If true, these allegations suggest we are upon the de facto realization of the surveillance state.

Even worse, nobody on Capitol Hill seems to care all that much. Instead, Congress continually reauthorizes the Patriot Act, which compels communications and Internet companies to “share” extensive user data on U.S. citizens with the government, including to the NSA.

Congress still funds NSA operations as well, which come September 2013, will include the agency’s new multi-billion dollar Utah Data Center, as reported by Wired.com. The center will include “four 25,000-square-foot halls filled with servers, complete with raised floor space for cables and storage… [and] more than 900,000 square feet for technical support and administration.” There, the agency will be able to collect and store septillions of bytes of data.

Meanwhile, on April 18, the House of Representatives overwhelmingly passed on a bipartisan basis the Cyber Intelligence Sharing and Protection Act (CISPA) that supposedly would streamline the sharing of intelligence on cyber threats from the U.S. national security apparatus to Internet Service Providers and other web companies to protect the nation’s critical digital infrastructure.

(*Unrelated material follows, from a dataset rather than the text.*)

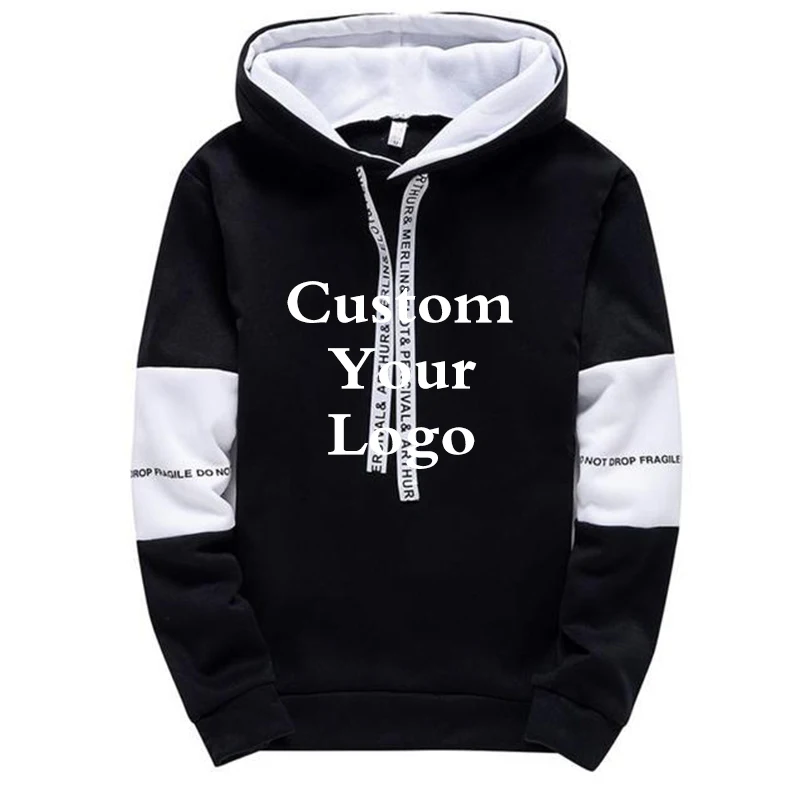 

Custom Logo Autumn Hoodie Men Tracksuit Casual Hoodies Sweatshirt Male Pullover Hoody Fashion Streetwear Clothes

But during the debate over CISPA, members of Congress have yet to address Binney’s allegations, now partially confirmed by Clemente, that Internet Service Providers may unknowingly already be “sharing” user data with the government.

For years the Internet has been abuzz about seemingly far-fetched allegations of massive levels of personal intrusion by the federal government. Credence has now been lent to these concerns by multiple former government intelligence officials.

It’s time for Congress to get to the bottom of what’s going on in our intelligence community and whether they are in fact violating the most basic, personal freedoms of U.S. citizens. This issue is too important to be ignored and if true, cannot be allowed to continue behind a veil of secrecy if our Constitution is going to mean anything.

Nathan Mehrens is the President of Americans for Limited Government.